La donna nella stampa che ammiriamo ha cercato la solitudine della sua veranda per leggere una lettera che evidentemente è di contenuto riservato. Alcuni particolari ci dicono che è giovane e che non è sposata: infatti indossa il furisode, cioè il kimono dalle lunghe maniche che era indossato solo dalle ragazze più giovani; inoltre sul volto sono disegnate le sopracciglia che le donne sposate eliminavano. Alla sua figura solitaria e flessuosa fa da contrappunto la sagoma del pino alla sua sinistra, mentre il ramo di acero dalle foglie rosseggianti è un riferimento stagionale che indica che ci troviamo in autunno. Poiché il pino, essendo un sempreverde, è simbolo di longevità e buona fortuna, possiamo immaginare che il contenuto della lettera sia positivo e che essa rechi buone notizie.
L’autore rappresenta la figura femminile come esile e flessuosa, quasi da adolescente: essa risponde al canone estetico di “ike” che predilige alla rappresentazione di una corporeità formosa, matronale una bellezza longilinea, spiritualizzata. Poiché ike è anche eleganza della semplicità, i colori sono ridotti a poche tonalità essenziali. Tutta la scena esprime intimità e ricerca della solitudine.

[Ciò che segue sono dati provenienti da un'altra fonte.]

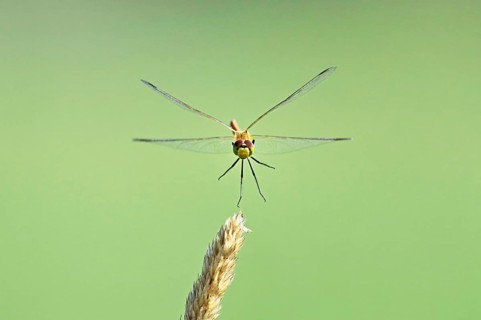 Marsh dragonfly (Sympetrum depressiusculum), female approaching a blade of grass, Switzerland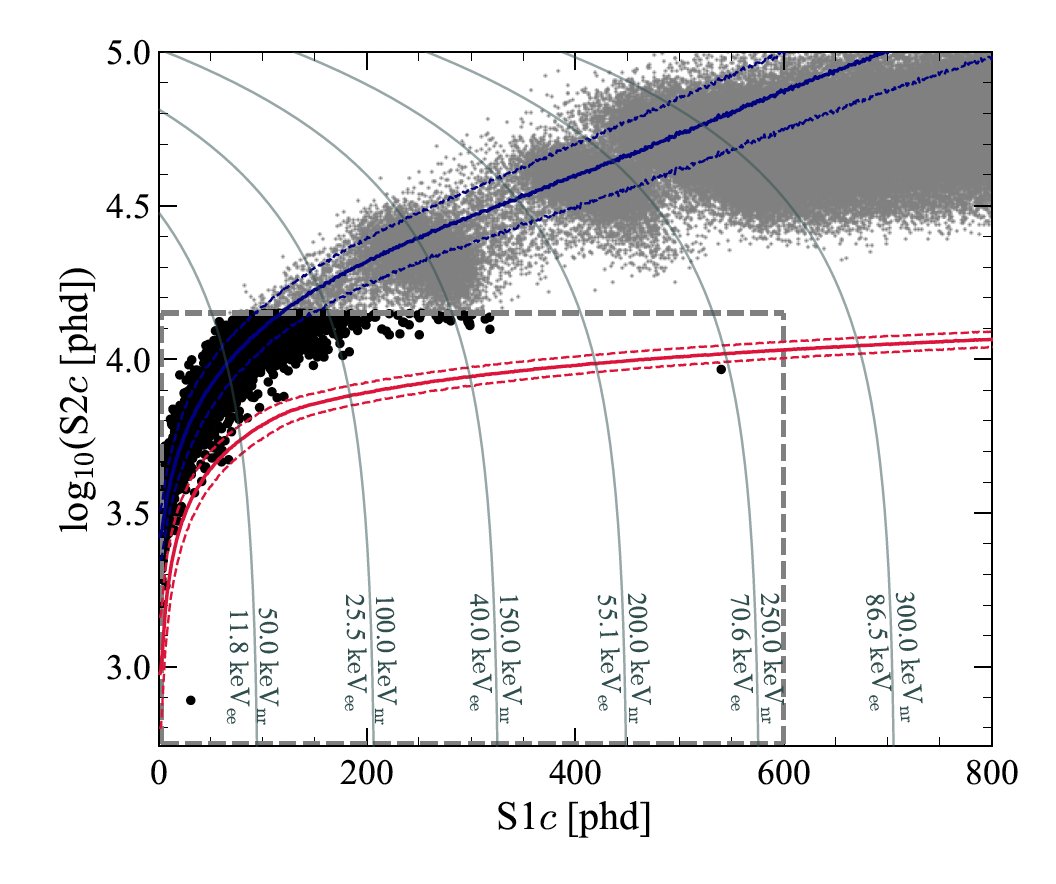 lzdarkmatter's tweet photo. Our new results are out! We have observed a single nuclear recoil in our detector that we find difficult to explain with our background model. Could it be a hint of dark matter? It’s far too early to say, but it’s certainly intriguing! #darkmatter https://t.co/FACAlcELls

Simile in questo è il dipinto di Vermeer, il cui tono intimista è sottolineato dall’ambientazione della scena in un interno domestico dall’atmosfera luminosa e ovattata. Non conosciamo il contenuto della lettera, ma la presenza di una carta geografica e di una sedia vuota fa pensare che essa rechi notizie di qualcuno assente e lontano. Tutto si gioca sull’effetto della luce proveniente dalla finestra che, creando un gioco di ombre, plasma e definisce i volumi. Anche in questo dipinto, come nell’opera giapponese, i colori sono essenziali, imperniati sulle tonalità dell’azzurro e dell’ocra ed anche i riflessi sul muro riprendono i toni azzurrini dell’abito.
La principale differenza stilistica fra le due opere consiste nel fatto che l’opera giapponese prescinde volutamente dagli effetti di luce e ombra e dalla plastica volumetrica per ridurre tutto all’essenzialità della linea. La forma è ridotta a segno grafico, un ovale per il viso e una curva elegante per il corpo: dunque nella rappresentazione della figura umana non vi è imitazione della natura, ma astrazione.
Suzuki Harunobu (1725 ? – 1770) è stato uno dei più grandi interpreti dell’ukiyo-e. Alcuni studiosi sostengono che fosse originario di Kyoto, forse allievo di Nishikawa Sukenobu o comunque influenzato da quest’ultimo, altri di Edo. E’ ricordato per essere stato uno dei primi autori ad aver utilizzato la stampa policroma (le nishiki-e o “immagini di broccato”) che aveva superato le precedenti realizzazioni a soli due o tre colori. Si conosce molto poco della sua biografia, ma dai riferimenti letterari contenuti in molte sue opere si ritiene che provenisse da un ambiente colto e frequentasse circoli di intellettuali. Il suo stile è sofisticato ed elegante e i suoi soggetti prediletti cortigiane e giovani amanti, ma anche scene di vita quotidiana. Secondo alcuni autori è stato il primo a rappresentare scene con la neve e notturne.